━━━ MATERIAL PROVIDED

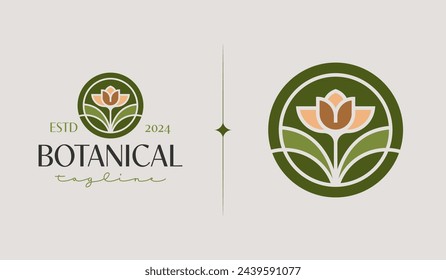 Botanical Plant Leaf Flower Logo Template. Universal creative premium symbol. Vector illustration. Creative Minimal design template. Symbol for Corporate Business Identity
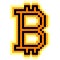 Bitcoin coin icon pixel art. Cryptocurrency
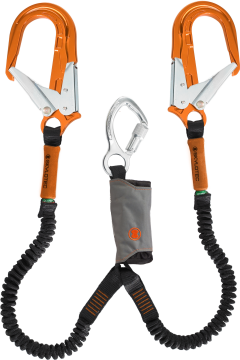 Skylotec Skysafe Pro Flex Y L0623 Turuncu Alüminyum Konnektörlü Şok Emicili Çift Kollu Lanyard 180 cm EN 355 ANSI Z359 13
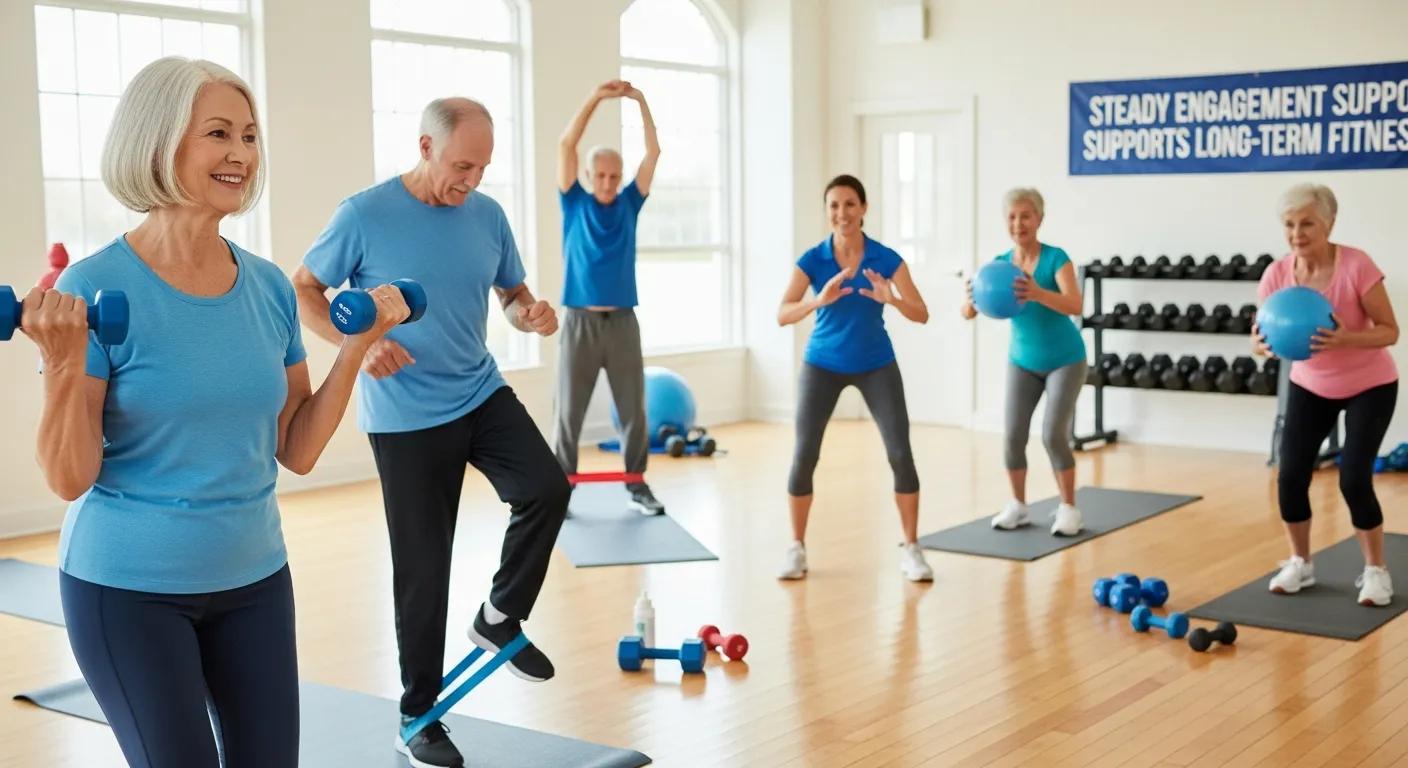 Older adults working out together in a class — steady engagement supports long-term fitness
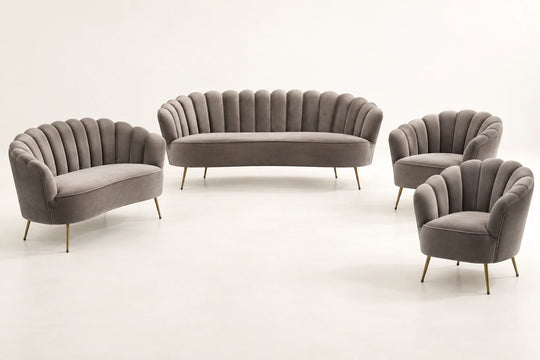 Cosima Sofa — 7-seat set visualization: one 3-seater, one 2-seater and two matching chairs. طقم ٧ مقاعد: ثلاثي + ثنائي + كرسيين.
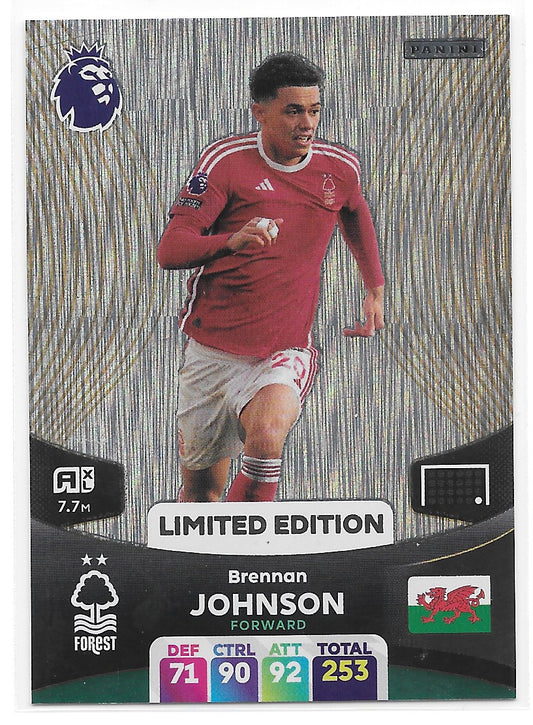 Brennan Johnson (Nottingham Forest) Limited Edition Panini Premier League Adrenalyn XL 2024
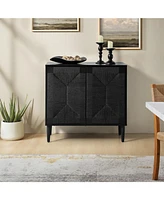 Hulala Home Varasso Transitional 30"Tall 2-Door Accent Cabinet with Adjustable Shelves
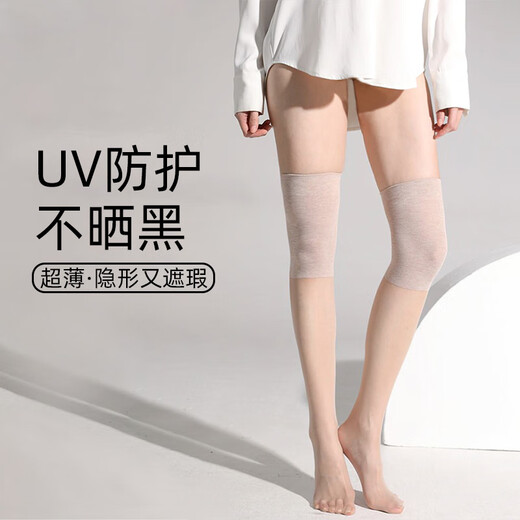 再朔丝袜女空调房护膝袜夏秋季中长薄款寒腿高筒点胶过膝长筒袜3双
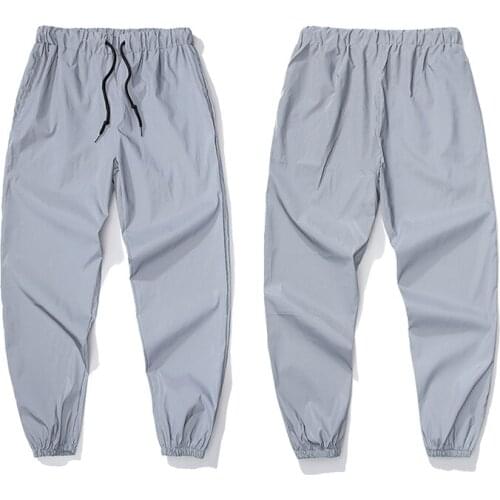 Fashion Male Elastic Waist Skateboard Harajuku Jogger Trousers Sweatpants Men Streetwear Night Hip Hop Reflective Casual Pants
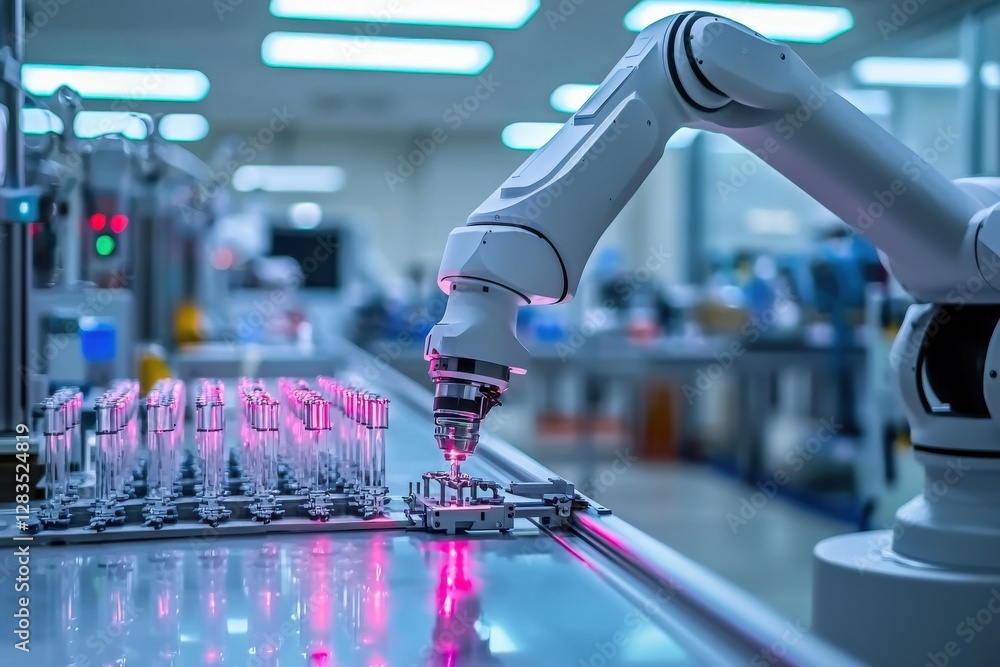 Poster advanced robotic arm working precisely with test tubes in a sterile laboratory environment, showcasi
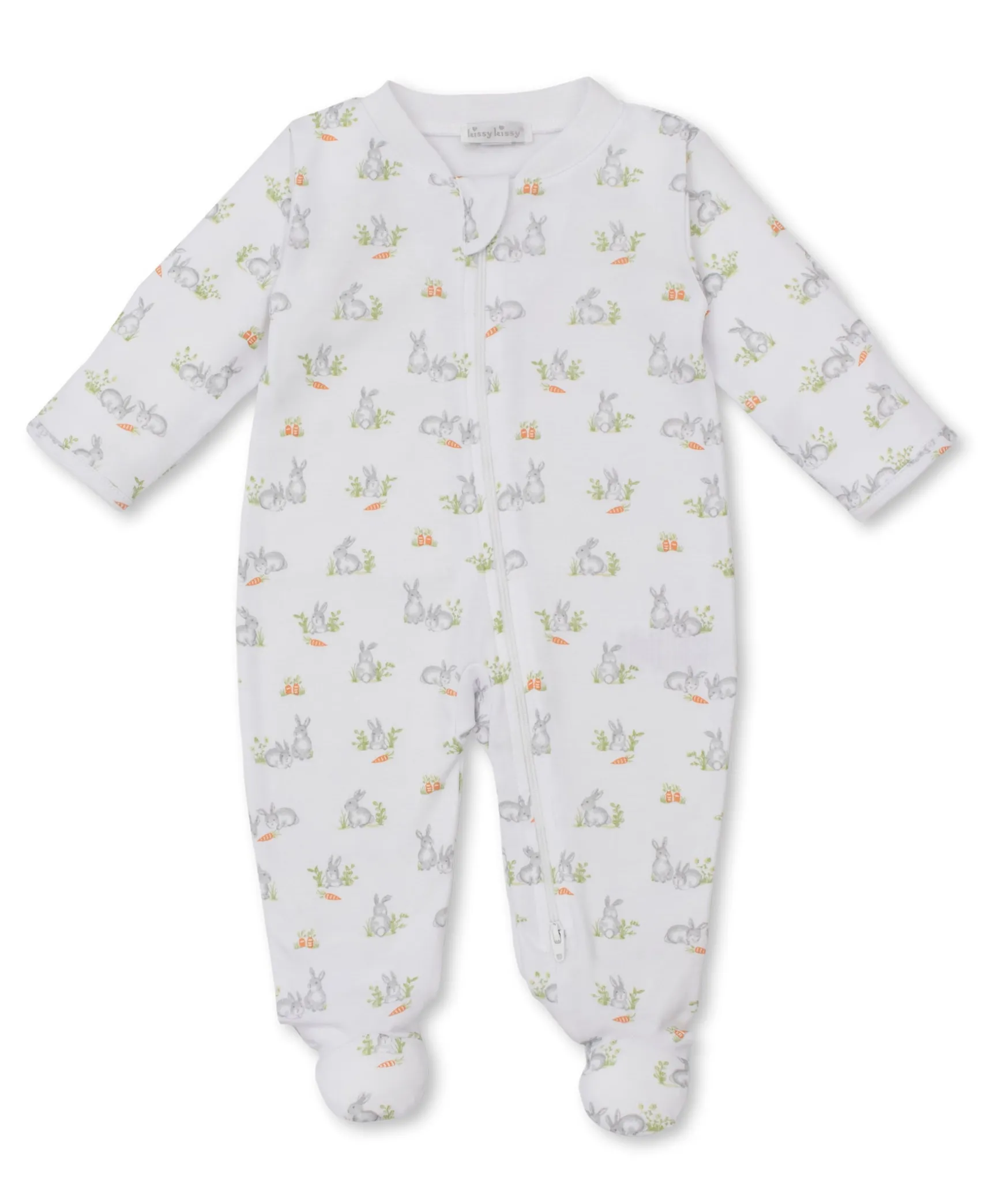 Baby Bunny Patch Silver Zip Footie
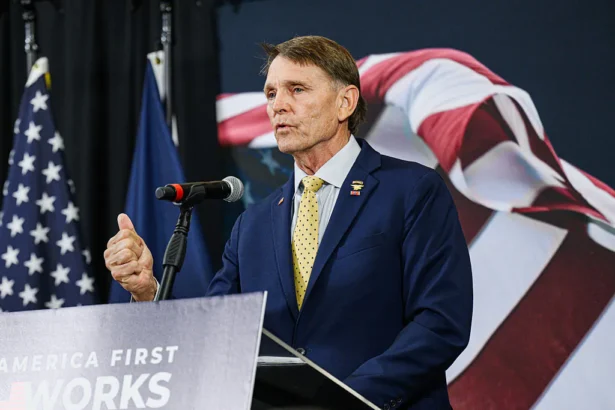 Ed Gallrein, Republican congressional candidate for Kentucky, speaks to the audience during an America First Workers Special Event in Hebron, Ky., on May 18, 2026. (Jon Cherry/Getty Images)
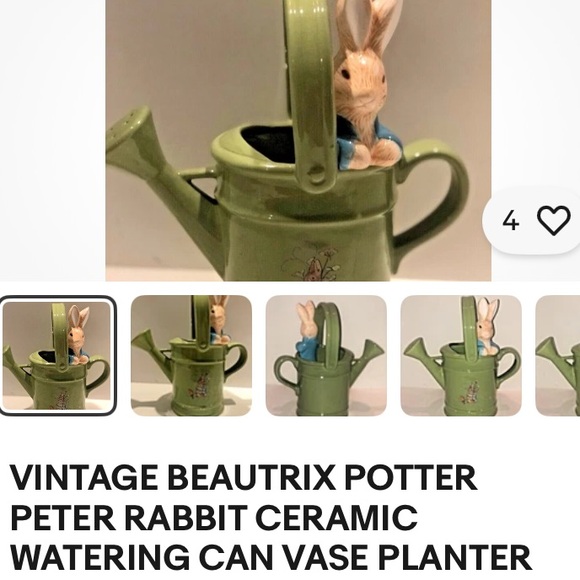 Peter Rabbit Ceramic Watering Can Planter - Picture 1 of 7
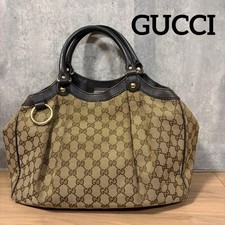 GUCCI GG Borsa Tote in Tela Marrone Bordo in Pelle Autentica Ottime Condizioni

━━━━━━

## REQUIRED WORK
This exercise calls for a verbatim output of the entries, pictures omitted.

## RESPONSE BELOW
 Botanical Plant Leaf Flower Logo Template. Universal creative premium symbol. Vector illustration. Creative Minimal design template. Symbol for Corporate Business Identity
 Bitcoin coin icon pixel art. Cryptocurrency
 Skylotec Skysafe Pro Flex Y L0623 Turuncu Alüminyum Konnektörlü Şok Emicili Çift Kollu Lanyard 180 cm EN 355 ANSI Z359 13
 Older adults working out together in a class — steady engagement supports long-term fitness
 Cosima Sofa — 7-seat set visualization: one 3-seater, one 2-seater and two matching chairs. طقم ٧ مقاعد: ثلاثي + ثنائي + كرسيين.
 Brennan Johnson (Nottingham Forest) Limited Edition Panini Premier League Adrenalyn XL 2024
 Hulala Home Varasso Transitional 30"Tall 2-Door Accent Cabinet with Adjustable Shelves
 再朔丝袜女空调房护膝袜夏秋季中长薄款寒腿高筒点胶过膝长筒袜3双
 Fashion Male Elastic Waist Skateboard Harajuku Jogger Trousers Sweatpants Men Streetwear Night Hip Hop Reflective Casual Pants
 Poster advanced robotic arm working precisely with test tubes in a sterile laboratory environment, showcasi
 Baby Bunny Patch Silver Zip Footie
 Ed Gallrein, Republican congressional candidate for Kentucky, speaks to the audience during an America First Workers Special Event in Hebron, Ky., on May 18, 2026. (Jon Cherry/Getty Images)
 Peter Rabbit Ceramic Watering Can Planter - Picture 1 of 7
 GUCCI GG Borsa Tote in Tela Marrone Bordo in Pelle Autentica Ottime Condizioni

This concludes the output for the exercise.